Quizá es que tengo abiertas demasiadas vías sin salida. Demasiada esperanza puesta en distintos caminos que no llevan a ninguna parte. O quizá sí. No sé qué decir, no sé qué hacer. Mi cuerpo y mi cabeza piden cosas distintas según el momento, el lugar, según -incluso- la persona con la que acabe de hablar.
De momento solo puedo permitirme las decisiones intermedias. Irme sin dejar de estar y estar sin dejar de irme. No sé si es la opción más sabia o la más estúpida, pero al menos no me hace elegir.
Qué miedo da pensar que nunca vas a volver a un lugar donde has sido feliz, y qué terror produce pensar que tanto trabajo quizá no dé sus frutos. «Seguro que los da» -me repite la Bego cuando aparece una vez al mes.
Me lo repiten la Bego y los trescientos bastones que han salido a ayudarme a lo largo de este último año. Algunos -es cierto- llevan conmigo toda la vida.
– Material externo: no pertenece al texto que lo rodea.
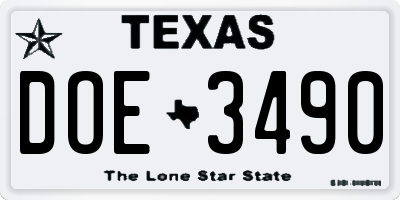 TX license plate DOE3490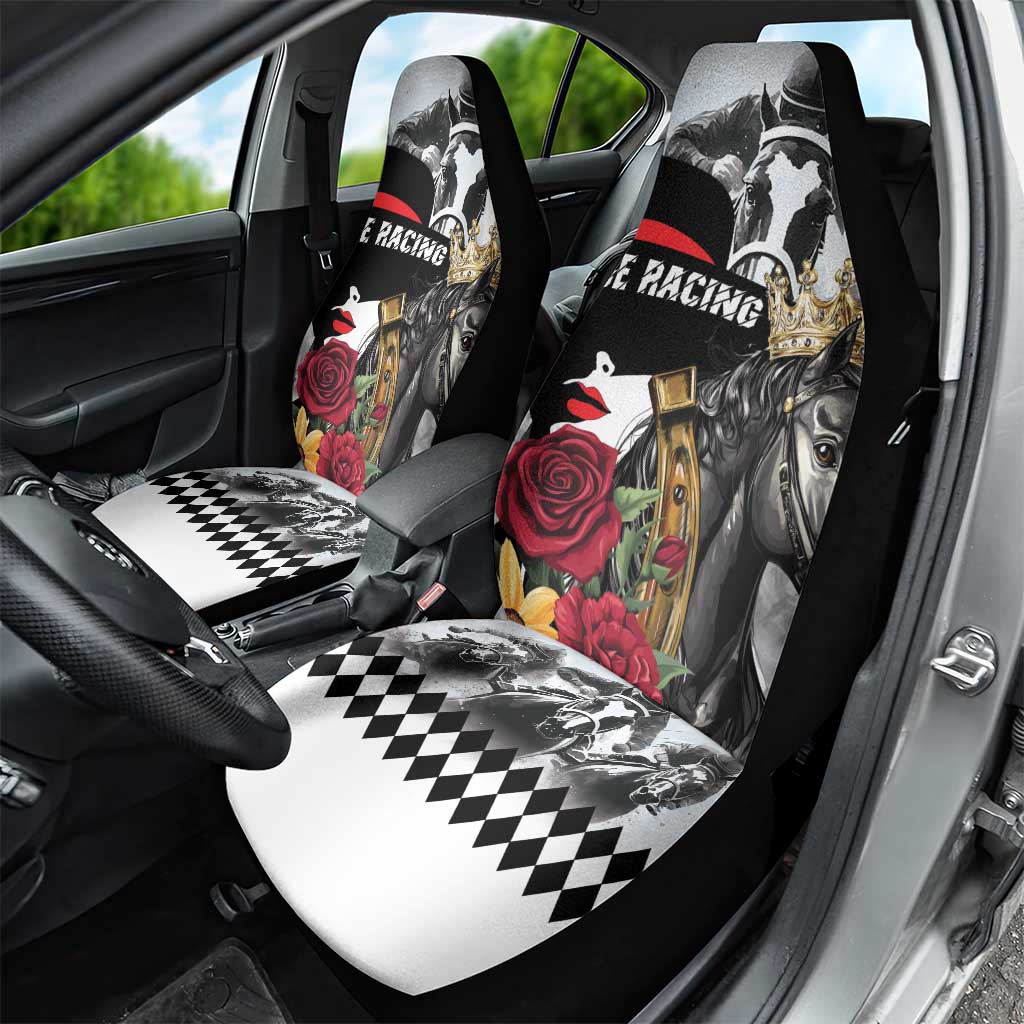Horse Racing Car Seat Cover Derby Lady Triple Flowers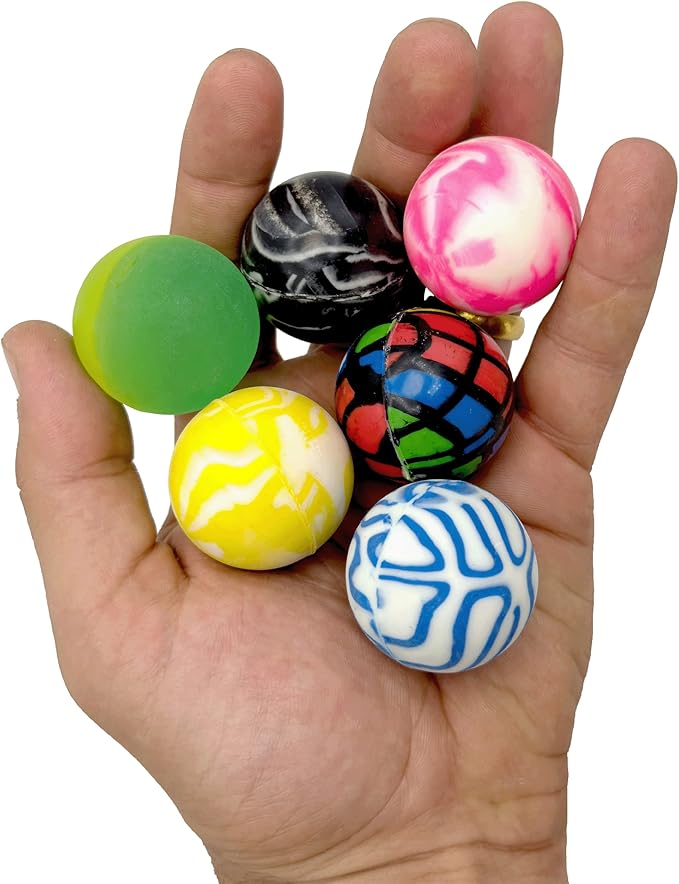 by M&M 2078 Pk6 Carnival Bouncers - Classic Colorful Bouncy Bird Foot Toys, Rubber Balls with Assorted Patterns, Easy for Beaks and Feet to Grab, Eye Catching in Cages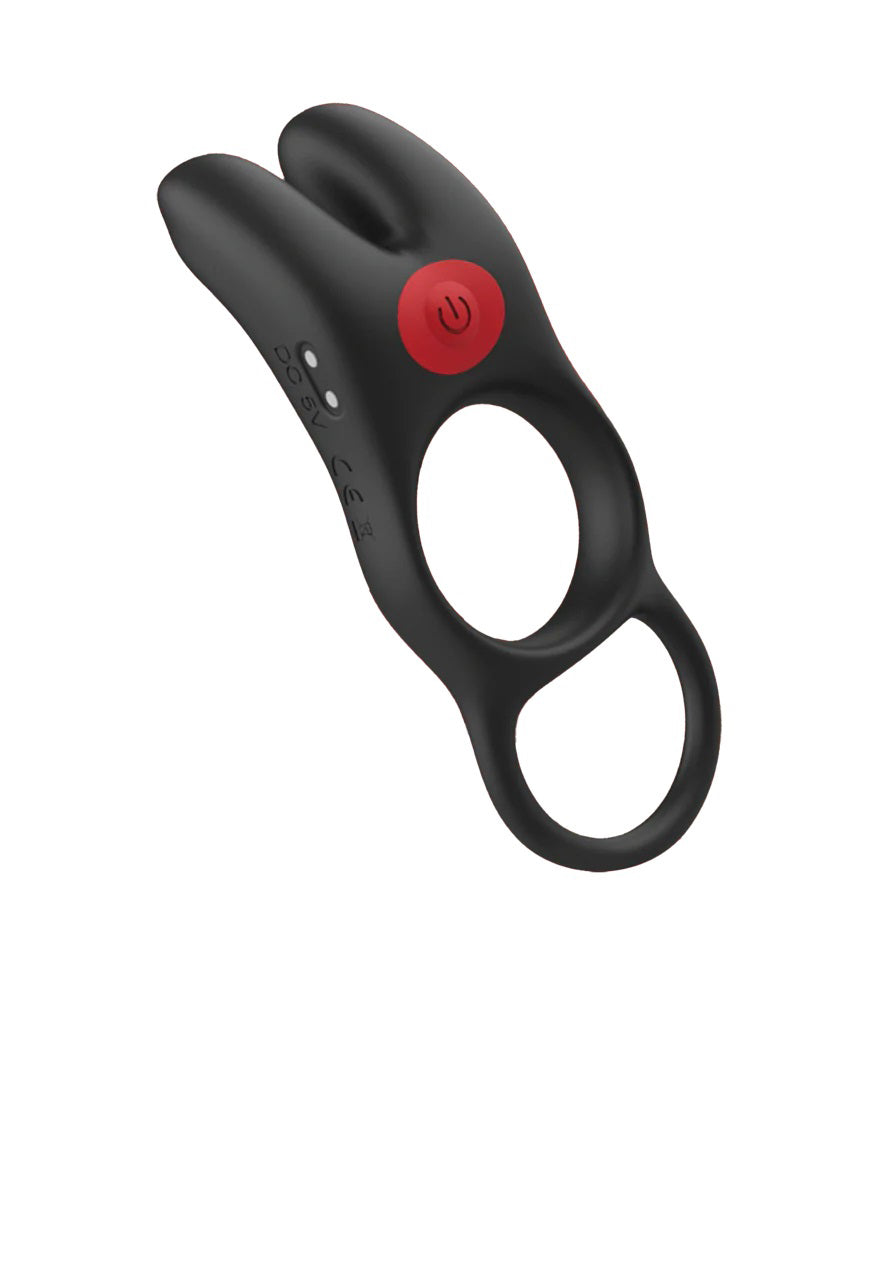 "Red Dot Vibrating Cock Ring V1 With Remote - Black/red IC5076"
«Todo llega, Amaia. Te lo prometemos. El camino es largo pero para eso nos tienes, para apoyarte en nosotros: Aunque no sepas puntuar y escribas como si estuvieses hablando. Aunque tengas mala leche y no des abrazos. Aunque tu único objetivo en esta vida sea vender cafeteras. Aunque no respondas al móvil en tres días. Aunque, aunque, aunque…. Aunque tú te pienses que no llegas, llegaremos contigo».
Joder, qué bendita suerte tengo de teneros.
Y qué miedo tengo a esa incógnita oscura que se asoma a lo lejos.
Bego, por favor, vuelve toda tú. Vuelve con tus pepinillos y tus abrazos. Vuelve con tu sarcasmo, con tus ganas de comerte la vida. Que no nos frene lo oscuro.